The text’s first two chapters provide helpful background information not specifically about lattice calculations. One offers a general introduction to effective field theories (EFTs), and the other introduces nuclear forces in chiral EFT. The authors give several beautiful examples that demonstrate the basic ideas underlying an EFT. The section entitled “A Short Recipe for the Construction of an EFT” is a remarkably concise and clear explanation of the concept. The book’s introduction to chiral EFT-based nuclear forces, in which nucleons and pions are the typical active degrees of freedom rather than quarks and gluons, is also clear and accessible.

The main body of the book consists of six chapters that present lattice methods in a systematic way. The first of those chapters introduces the basic mathematical concepts of the lattice approach, such as Grassmann fields, transfer matrices, and auxiliary fields. The next chapter addresses chiral nuclear forces, with a special focus on how they are put on the lattice. The discussion evolves from leading order to next-to-leading order and finally next-to-next-to-leading order. Each order is presented in small steps that make the chapter easy for the unacquainted reader to follow.

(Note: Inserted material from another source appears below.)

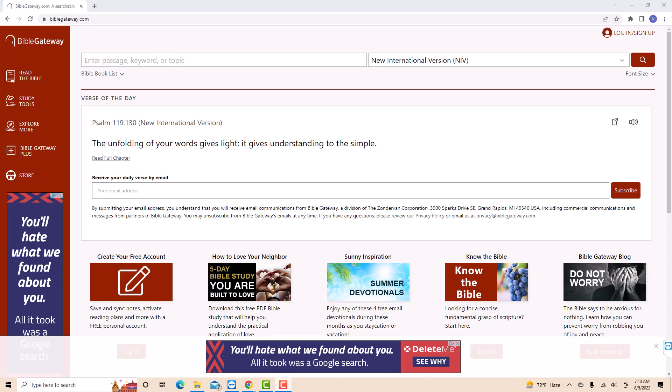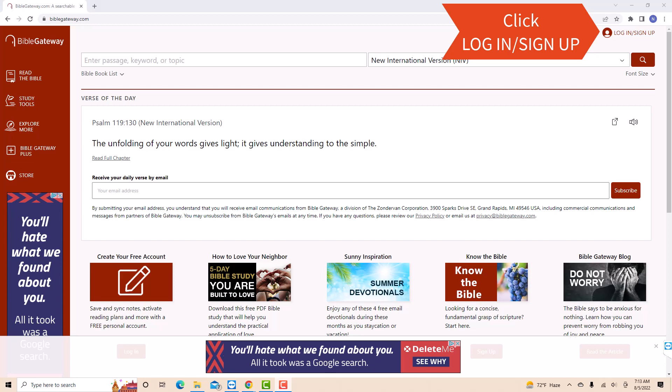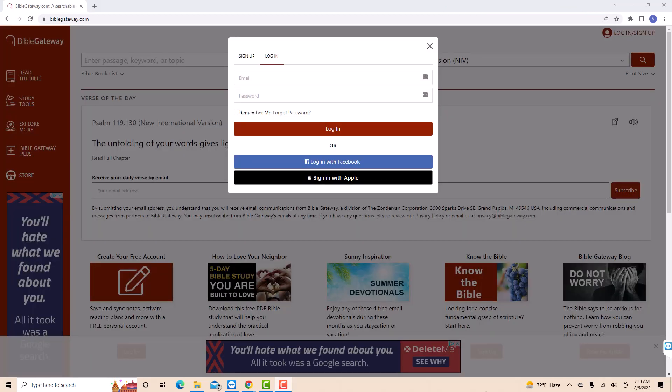Open the website biblegateway.com, then click login slash sign up. Now, log in with your email address and password.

Subsequent chapters are devoted to the characteristic problems that arise with increasing numbers of nucleons. The authors discuss at length methods for how to extract phase shifts on the lattice for two and three nucleons, and they carefully weigh the advantages and disadvantages of the Luescher, spherical wall, and auxiliary potential methods. Increasing the number of nucleons beyond three, as the authors show, creates the need for Monte Carlo sampling of lattice calculations. The last chapters move up to medium-mass nuclei and to chiral forces up to next-to-next-to-next-to-leading order. The authors report on some of the first attempts to solve these thorny problems, but they acknowledge that actual solutions are still in the future.

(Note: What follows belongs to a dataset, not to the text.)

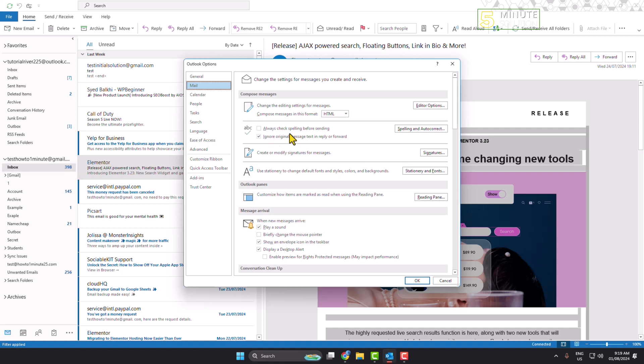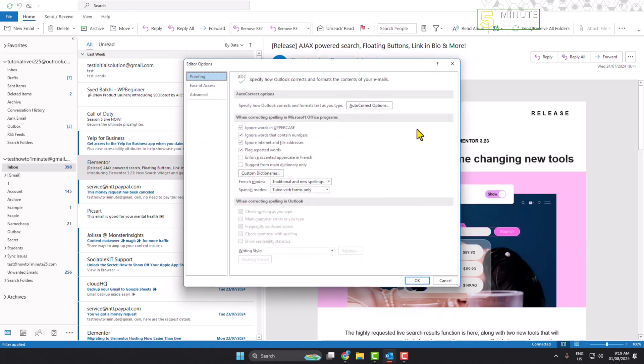Check the option 'Always check spelling before sending.' Also check 'Ignore original message text in reply or forward.' To customize more settings for grammar, click on Spelling and AutoCorrect, and then select Proofing.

Lattice methods are technical and beset by a cumbersome mathematical apparatus. Thus any explanation of them could be difficult to read for outsiders or newcomers to the field. However, Lähde and Meißner manage to get the complex material across in a digestible way by breaking it up into small steps and knowing when repetition is helpful. They also introduce from scratch such basic concepts as phase shifts, without referring the reader to another book. Such care makes Nuclear Lattice Effective Field Theory self-contained, which is a great practical advantage to the reader. The six appendices further enhance the self-contained character of the text by summarizing notations and conventions and providing more details about useful mathematical functions, nuclear force properties, and the application of Monte Carlo methods.

Nuclear Lattice Effective Field Theory offers interesting insight into the endless problems that the pioneers of lattice methods had to confront during the past 20–40 years, such as rotational symmetry breaking, the sign problem, and the unfavorable scaling of Monte Carlo algorithms. Solutions have been worked out for most hurdles, and thus we can say that nuclear lattice EFT has come of age; the field is ready for more comprehensive and systematic applications in nuclear theory.

Apart from work by some of the authors’ collaborators, the method has not yet been applied widely in nuclear theory. Lähde and Meißner’s helpful primer has the potential to stimulate increased efforts by serving newcomers as an essential guide to the field.

Ruprecht Machleidt is a professor of physics at the University of Idaho. His research interests include the theory of nuclear forces, for which he has applied meson theory (Bonn potential) and chiral effective field theory.